Tajik Students Warned Off "Foreign" Events

Fears that government wants to limit young people’s contact with ideas from abroad.

Tajik Students Warned Off "Foreign" Events

Fears that government wants to limit young people’s contact with ideas from abroad.

The Tajik government says students should not attend foreign-funded events. (Photo: Galim Faskhutdinov)
The Tajik government says students should not attend foreign-funded events. (Photo: Galim Faskhutdinov)

New instructions barring students in Tajikistan from attending events funded by foreign donors have alarmed civil society groups, who fear the measure will deny young people opportunities to broaden their horizons.

Commentators struggling to understand the decision have speculated that the authorities are acting out of fears that young people will become politicised by events which focus on democracy-building or leadership skills.

On October 8, the Central Asian state’s education ministry sent out written instructions to the heads of all universities, telling them to stop students participating in conferences, seminars and training courses arranged by international organisations, as such events were against the law.

The move came as a shock, as the Tajik government – which itself receives a lot of donor assistance – does not have a record of clamping down on activities run by international agencies or by local NGOs with funding from abroad.

When the media got hold of the education ministry document, it prompted fierce discussions.

In an attempt to take some of the heat out of the debate, the deputy education minister Farhod Rahimov, who put his name to the instruction, said the sole intention was to ensure that students turned up for classes, and said they were free to go to events in their spare time.

In an interview for IWPR, the head of the ministry’s international relations department, Tamara Nasimova, took a similar line, insisting there was no plan to shut out foreign influence, and pointing out that individual universities as well as the ministry itself had a free hand to set up international ties.

At the same time, Nasimova made it clear the education authorities were concerned about certain unspecified foreign groups which got young people involved in their activities without informing the relevant official bodies.

“No one knows what training methods they use or what they intend to teach young people,” she said, noting that the ministry wanted the organisers of such events to inform it and the university administration about the aim, number of participants and so on.

She said the ministry had refused to grant the London-based group International Alert permission to hold a one-week student camp this autumn, and had suggested postponing it until next summer.

In some cases, university administrators appear to be so keen to be following ministry orders that they have imposed their own, more rigorous rules.

The German Academic Exchange Service, DAAD, for example, found that a planned meeting with students to brief them and test their language skills was cancelled. DAAD has a cooperation agreement in place with the education ministry, and had advance agreement for the October 23 event, in the northern city of Khujand.

DAAD representative Gulchehra Kakharova said the last-minute cancellation by Khujand university came as a blow to students who had been preparing for the test in the hope of winning scholarships to study in Germany.

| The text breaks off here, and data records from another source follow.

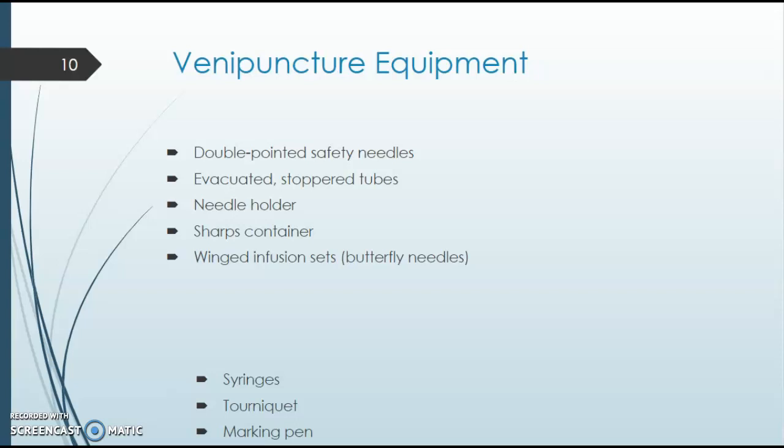A sharps container is very important. Obviously with a needle you want to be extra careful always. There are safety locks now on every needle, which I'll teach you in class. A sharps container is crucial — you need it within arm's reach whenever you do any draw. That way you're not walking around with the needle. The second you take it out of the patient's arm, you put it in the sharps container as soon as you can.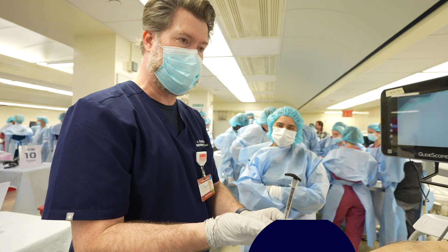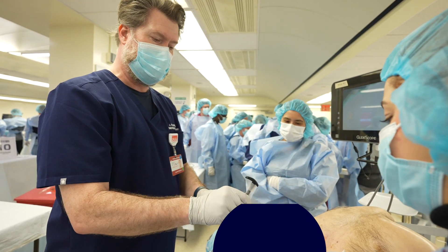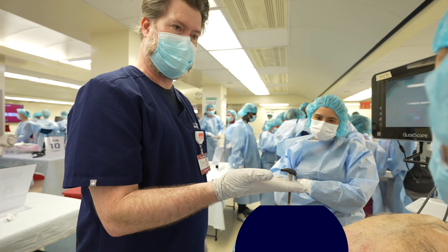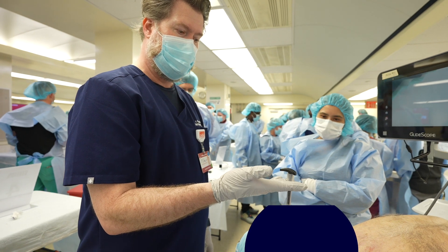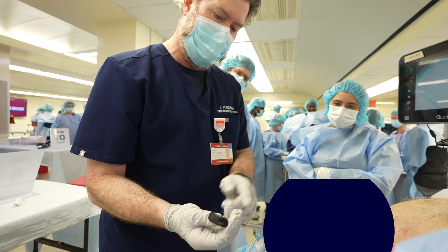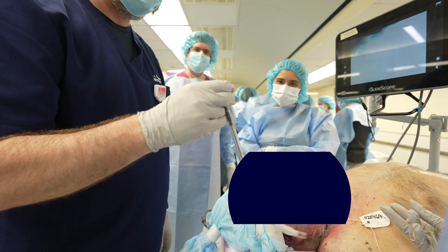I'm going to show you a very simple technique to make it a lot faster. Instead of holding it the usual way, you're going to hold the palm up and put it in between your fingers like that, then put your thumb underneath. Now you have two fingers behind and two fingers up here.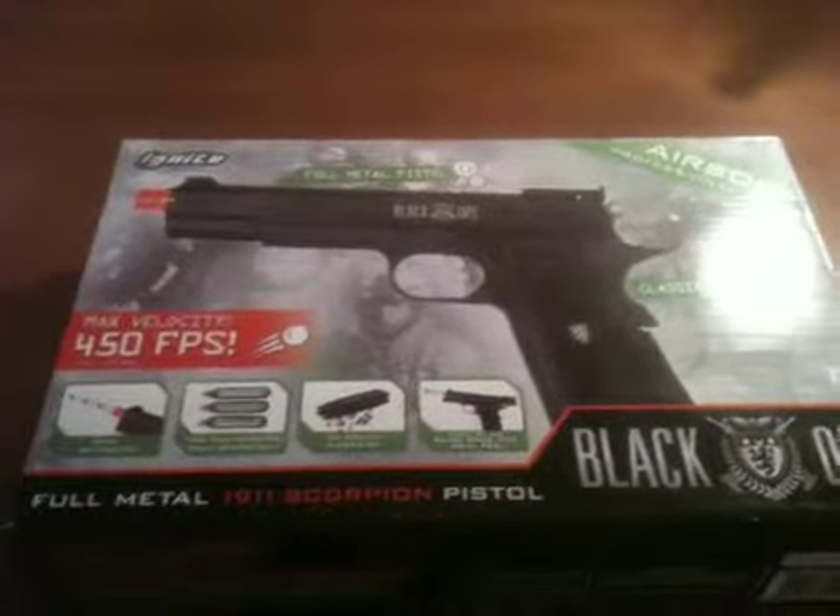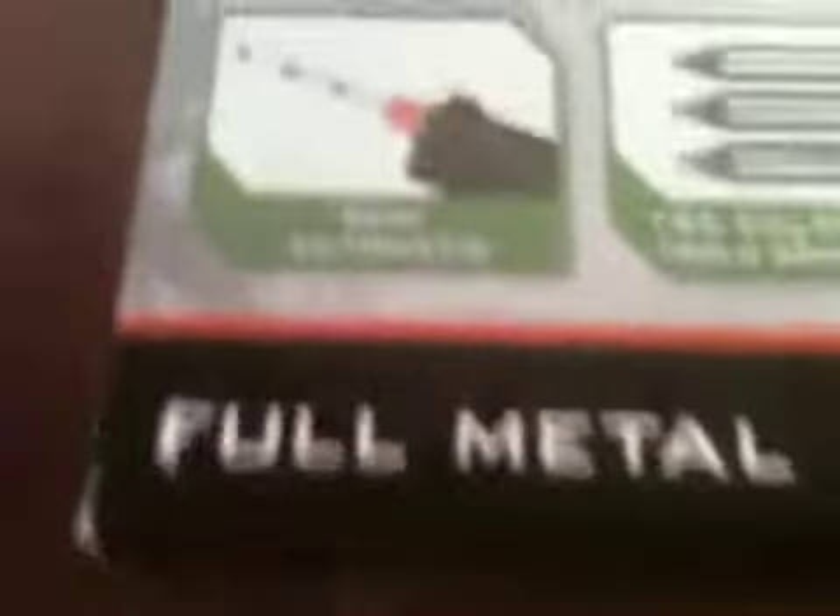Hey guys, it's Epic here. Today I'm going to be doing an unboxing of the Ignite Black Ops 1911 Scorpion full metal Scorpion pistol. Here's the specs.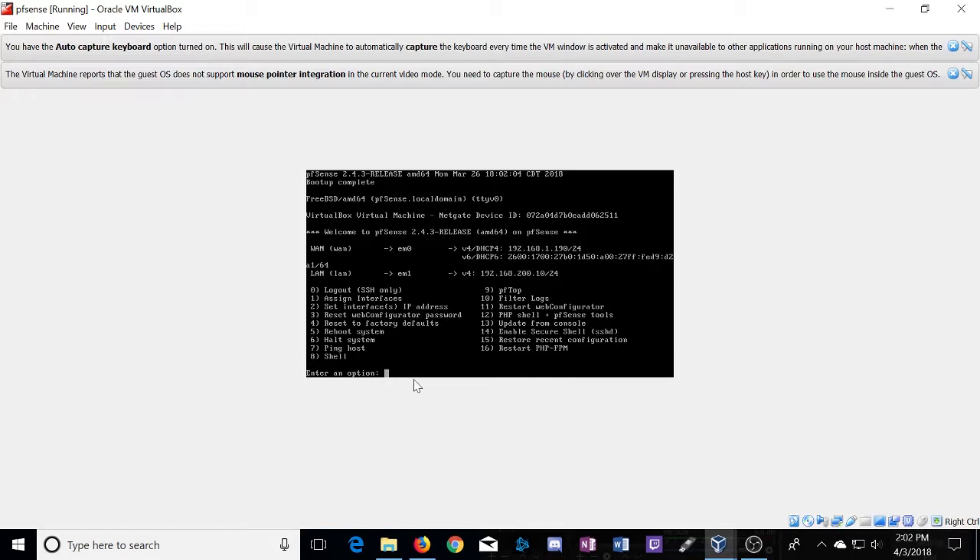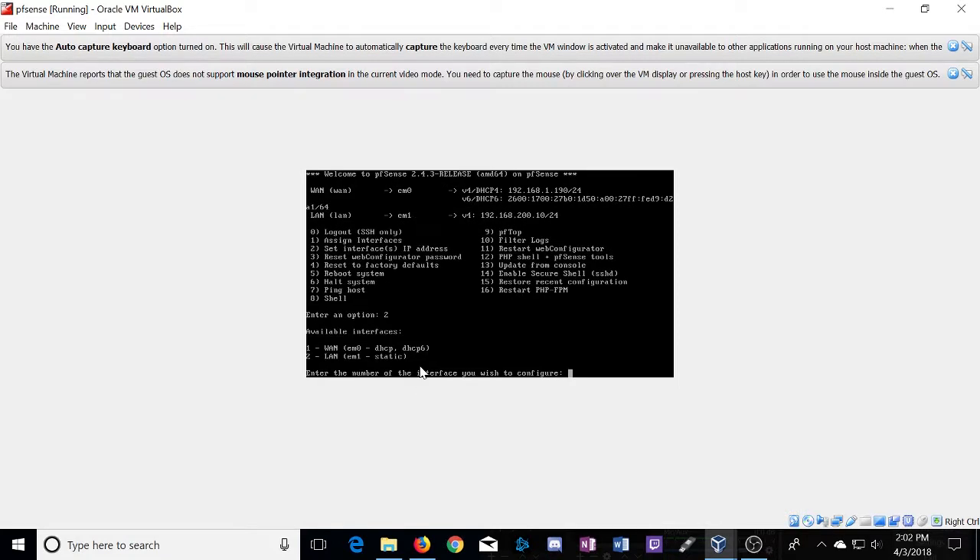To assign your interfaces, you press 1 and tell PFSense where your WAN and LAN interfaces are going to be, based on the MAC addresses of your ports. The second part is we need to assign our LAN side of the PFSense router to a network other than the one AT&T is on. I assigned this earlier but I'll show you how. We're going to use 192.168.200 for the LAN side - you could use anything other than 1. Enter 2 to set your interfaces. The WAN is already set up via DHCP from AT&T, so we're going to configure the LAN side.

Shokirjon Hakimov, deputy leader of the opposition Social Democratic Party, said he suspected the government wanted to prevent students becoming more politically aware and developing a better knowledge of events in the outside world.

“Participating in foreign [-funded] programmes and projects gives them an opportunity to develop leadership skills and engage with global trends,” he said.

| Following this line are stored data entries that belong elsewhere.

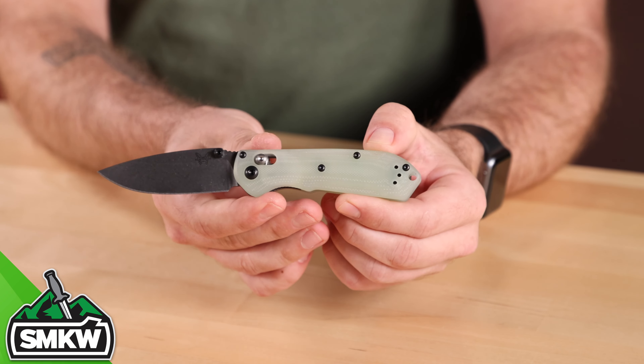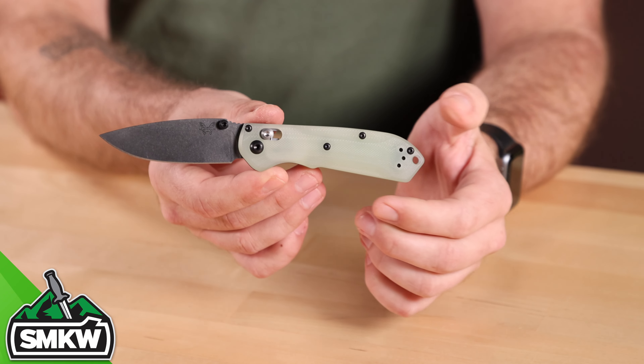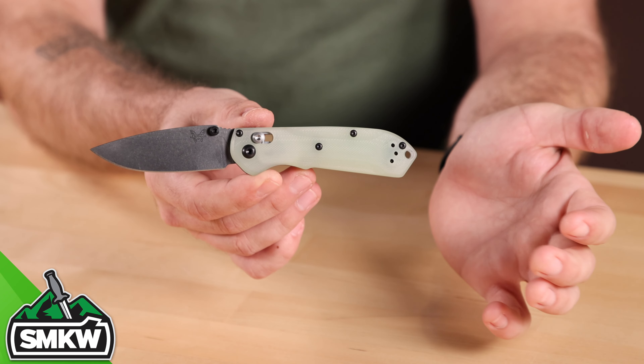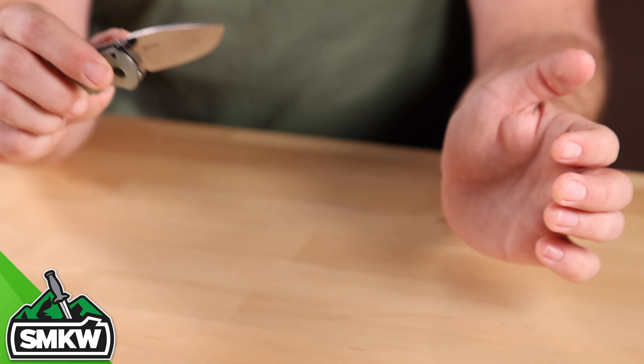You're mainly going to find this steel in several Spydercos as well as Benchmades — like this 2021 SHOT Show exclusive Mini Freak right here. Benchmade has quite a few in their lineup made from S90V, and this is a fantastic example of that. This is a very hard blade steel and very wear resistant — it's going to hold an edge for a really long time. It's just going to be very difficult to get that edge there in the first place, but it can still be sharpened. It's not impossible, it just takes a little bit more patience.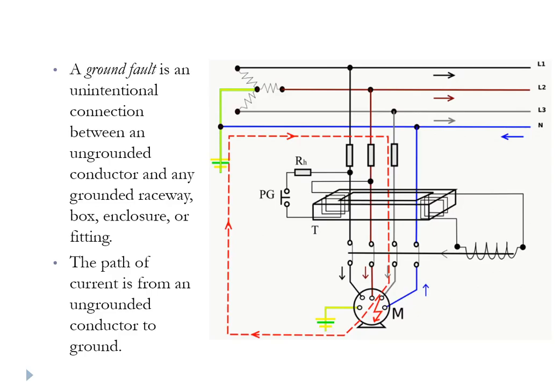A ground fault is effectively a short circuit from any of the windings to something connected to ground — be it conduit, the chassis of the motor, an enclosure of a box, whatever. That's a short to ground, and again it results in excessive current, excessive heat, and high temperature.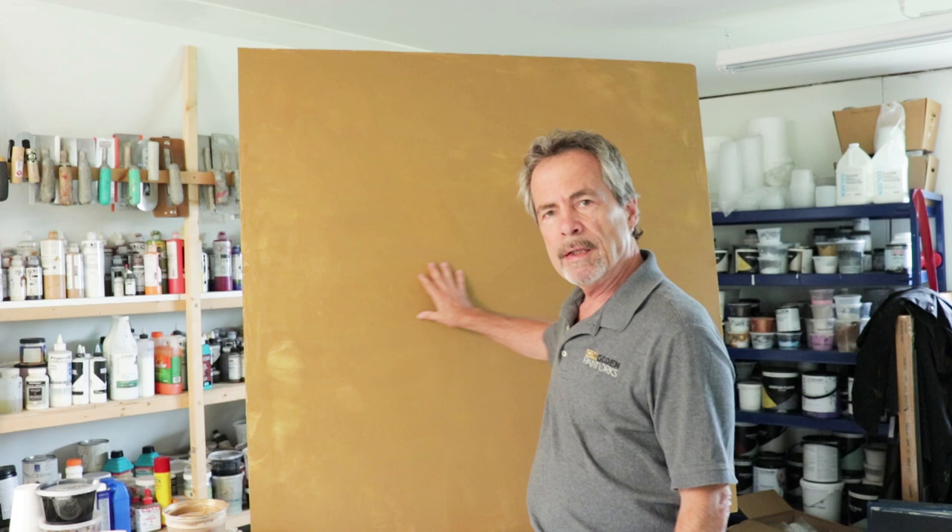The first coat has dried completely — it's been about two and a half hours. I did a fairly opaque and fat coat to cover all the base coat here.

Hakimov said the authorities might be especially nervous because the 2013 presidential election was coming up, and he also drew parallels with the Russian government’s clampdown on foreign-funded NGOs.

In Tajikistan, he said, there was little chance that civil society groups could source funding locally, so a more restrictive attitude to foreign funding would really squeeze them.

Farrukh Umarov, a researcher at Tajikistan’s Centre for Strategic Studies, said the ministry instruction followed by a public outcry followed a familiar pattern.

The government had a habit of imposing blanket bans on anything it considered a threat, without trying to test the public mood first, he said. The education ministry had previously outlawed both Islamic dress and miniskirts.

“In our country, a radical decision gets made without preparing public opinion for it. Then it’s implemented and leads to an outcry,” Umarov said.

Students at Tajik universities fear they will lose out on opportunities for contact with the outside world.

“Educational programmes run by international organisations have been useful because they offer us a chance to learn more than we’re taught at university,” a student in the capital Dushanbe said.

Asking not to be named, the student said he feared he could be expelled from his university if he continued attending events of this kind.

Another student asked, “What’s so bad about this? Take foreign-language courses, for instance. They haven’t had a negative impact on my studies. Now we’ll lose out on this.”

Galim Faskhutdinov is an IWPR contributor in Tajikistan.